_GIVEN ENTRIES_
☆ ☆ ☆ ☆

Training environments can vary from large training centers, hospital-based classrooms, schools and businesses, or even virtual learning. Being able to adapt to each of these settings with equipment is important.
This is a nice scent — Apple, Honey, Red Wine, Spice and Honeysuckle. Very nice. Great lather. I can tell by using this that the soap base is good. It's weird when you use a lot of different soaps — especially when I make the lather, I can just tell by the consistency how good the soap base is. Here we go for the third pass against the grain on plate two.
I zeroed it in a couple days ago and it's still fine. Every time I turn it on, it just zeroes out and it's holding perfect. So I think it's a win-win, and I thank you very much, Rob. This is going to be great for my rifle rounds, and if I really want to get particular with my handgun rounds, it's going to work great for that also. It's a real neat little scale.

☆ ☆ ☆ ☆

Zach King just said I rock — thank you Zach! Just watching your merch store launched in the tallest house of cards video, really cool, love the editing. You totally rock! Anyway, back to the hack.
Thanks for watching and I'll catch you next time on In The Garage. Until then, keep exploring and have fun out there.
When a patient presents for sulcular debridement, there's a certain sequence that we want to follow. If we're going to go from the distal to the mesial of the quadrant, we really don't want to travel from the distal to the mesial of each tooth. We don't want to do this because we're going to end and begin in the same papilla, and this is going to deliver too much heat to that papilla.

☆ ☆ ☆ ☆

_BRIEF_
Take the lines above from the one containing "Training environments can" to the one containing "I zeroed it" and retype them exactly, both ends included, with nothing added.

_OUTPUT OF THE TASK_
Training environments can vary from large training centers, hospital-based classrooms, schools and businesses, or even virtual learning. Being able to adapt to each of these settings with equipment is important.
This is a nice scent — Apple, Honey, Red Wine, Spice and Honeysuckle. Very nice. Great lather. I can tell by using this that the soap base is good. It's weird when you use a lot of different soaps — especially when I make the lather, I can just tell by the consistency how good the soap base is. Here we go for the third pass against the grain on plate two.
I zeroed it in a couple days ago and it's still fine. Every time I turn it on, it just zeroes out and it's holding perfect. So I think it's a win-win, and I thank you very much, Rob. This is going to be great for my rifle rounds, and if I really want to get particular with my handgun rounds, it's going to work great for that also. It's a real neat little scale.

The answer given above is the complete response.